Under the new pro-competition regime for digital markets in the UK, an independent Digital Markets Unit (“DMU”) within the CMA will enforce a set of code of conduct of platforms it designates as having Strategic Market Status (“SMS”) within digital markets. The DCMS Committee had recommended that “the CMA should consider exploring designating YouTube’s streaming services as having SMS to encourage competition with its products.”

However, as the CMA points out in its statement of scope, this regime is not yet in force, so there is currently no mechanism to designate YouTube as having SMS. However, the CMA’s market study into the music streaming market will inform its understanding of any gatekeepers, including YouTube, in preparation of the new DMU regime.

The major music labels

The DCMS Committee also strongly recommended that the CMA undertake a market study into what it called “the economic impact of the majors’ dominance”. The majors are the three largest global music corporations, Sony Music Group, Universal Music Group and Warner Music Group, with the DCMS Committee estimating their combined market shares at more than 80% for both recorded music and music publishing (although initial CMA estimates are 68% for recorded music and 58% for music publishing).

The CMA said that it will carry out work to understand the extent of any market power of the majors, and it will look in particular at their bargaining power with respect to music creators on one hand, and music streaming services on the other. Once it has established to what extent such market power exists, it intends to assess whether there are any particular business practices or other factors that limit competition between music companies on either the music creator side or the music streaming side.

Music streaming services

The CMA will also assess the strength of competition in music streaming services, looking to establish the extent of market power certain music streaming services may hold. With respect to these companies, the CMA will investigate, among other things,

  • Barriers to switching and issues around how consumers interact with music streaming services;
  • What drives innovation in music streaming and what, if anything, may impede innovation; and
  • Any vertical issues that may arise from vertical integration between some music streaming services and other related products and services such as smart speakers.

Agreements and equity holdings

The CMA is also interested in understanding the relationships between the music streaming services and the music companies involved in licensing and distributing music. According to the statement of scope, concerns have been raised over the agreements involved and the impact they may have on competition between music companies in supplying music to streaming services, and whether they make it more difficult for smaller recorded music companies to promote artists and expand.

In addition to this, the CMA has indicated that it will look to better understand the financial stakes some of the companies have in each other, and whether these “softer forms of control or influence” might limit competition.

Timeline and next steps

Anyone interested in making a submission on the CMA’s statement of scope can do so until 17 February. The CMA will need to publicly state whether it intends to make a market investigation reference by 26 July 2022, and its market study report will be issued no later than 26 January 2023.
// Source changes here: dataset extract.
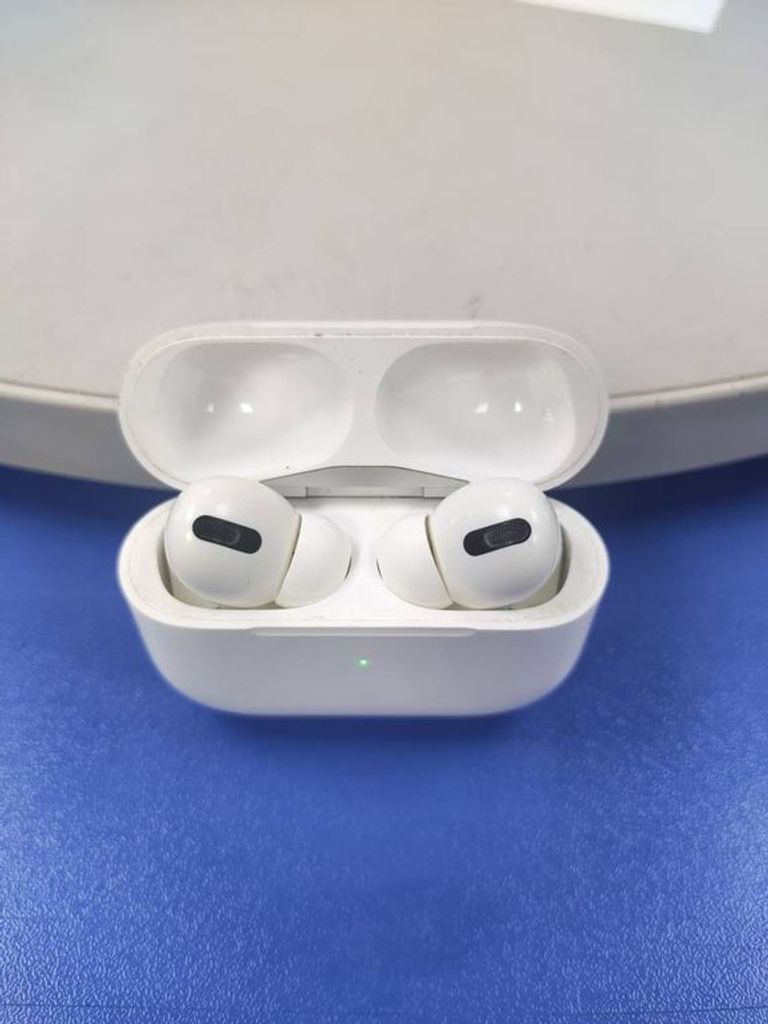Купити Apple airpods pro a2190,a2084+a2083 2019г Б/У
The CMA also recognises that there are a number of important policy initiatives in this area, and states that it will work alongside Government “in a joined-up way that seeks to avoid unnecessary duplication”. In this respect, the other important milestones outside the CMA’s market study are DCMS’s intention to report back in spring 2022, with a further review in autumn 2022, at each point considering whether to take forward legislation in any areas that might be linked to the market study.

We will keep a close eye on developments and report them on the blog.